Y ; Friday, March 31, 2006.

OMG chuinz~!! I didn expect ur situation to be dat bad in australia...>.<...did u talk about this wif ur family? if they know about it...surely they would do something to make things better..u can't go on like this u know...who knows how much longer u nid 2 stay there..>.<...and one more thing...they juz can't treat u like u're their maid or someting....for goodness's sake!! i can't blieve it..>.<...plz tell me u're doing MUCH MUCH better the next time u post......>.
sowee 4 not posting lately...its juz...a lot happened lately..and i dunno how 2 put all of them into words...mhm...i made everything clear by asking "where are we now? where do i stand in ur heart?" wow..it takes a lot out of mi 2 send him that particular msg u know...and...expected...i dun get d answer that i hoped for...but i was realli shocked....that i haven cried after he replied...it was....a miracle...but mayb i've made myself emotionally prepared 4 all of this...since d majority of my close friends around mi are having major relationship and emotion problems...aihx...is this how life works? how everyone shud go through all of this shit 2 grow up? mhm..but now i guess everything is back 2 normal...no more messages 2 him...and i will live my carefree live...going crazy with friends everyday....enjoy my last yr in secondary school...

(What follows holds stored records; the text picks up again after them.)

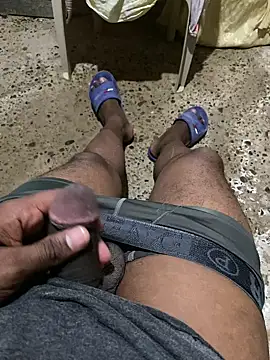 Snapshot of Blackmaicrost chatting on February 2025 06:29:01 AM Blackmaicrost online show from February 2025 06:29:01 AM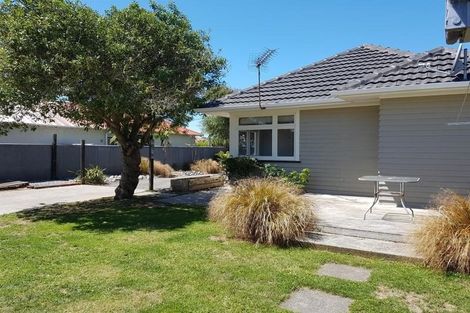 Photo of property in 18 Estuary Road, New Brighton, Christchurch, 8061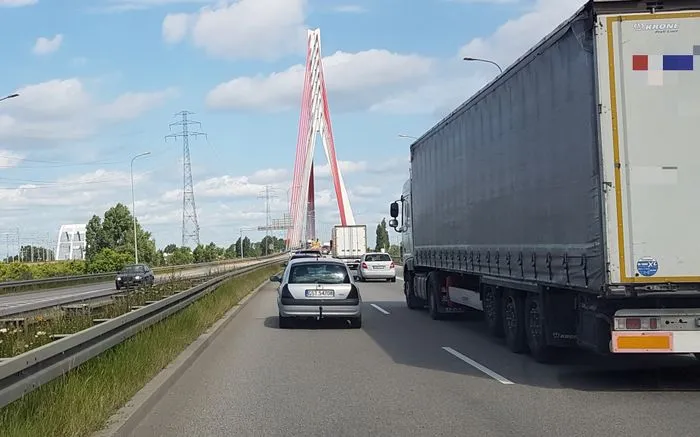 Ciężarówka zatrzymała się na środku jezdni tuż przed wjazdem na most wantowy (zdjęcie ilustracyjne).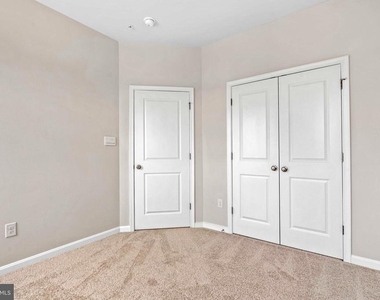871 Amity Street - Photo Thumbnail 23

yeah...as long as i have real friends with mi...*like u guyz..=P*...nothing else matters..

LoVe,
-Chienz-



YYY
BLACKISH ;
9:26 PM




Y ; Thursday, March 30, 2006.

sorry guys.. i've been so depressed lately that i don't even want to step out of my room.. which has practically nuthin in it.. i juz stay in my room, lie on d bed, look at the cieling and cry.. mebbe its pms.. i dunno.. but i'm starting to hate my uncle and his girlfriend.. first , it is bcus they have sex all the time and i can hear it.. gross i noe.. second, my uncle is so bossy.. he just makes me cook and wash the plates all the time.. third, i cut up my finger really badly yesterday and i thought i might bleed to death.. ran around the house to find a stpd plaster with my finger in a tissue paper but couldn't find any.. so i juz let it bleed over the sink.. i tried asking my uncle's gurlfren but she like ignored me when i call her in the room.. shit!!! i am hating ppl.. i miss home so much.. by the way, steph, if u r swimming here, i don mind.. cus i'm going to swim back wif u.. hope u guys are a million times better then me.. i'm going back to cook dinner.. bye..
miss u guys A LOT,
Chuinz.....



YYY
BLACKISH ;
2:14 PM




Y ; Monday, March 27, 2006.

Hey. Is anyone home? Its so...dead in here. I can actually see dustballs in a corner. Sheesh. Chuinz, how are you doing? It seemed so long since you last posted. You alright? Don't make me swim all the way there to check on you. You know I can't swim. I'll drown in 3 seconds. Or is that your ploy? O_o"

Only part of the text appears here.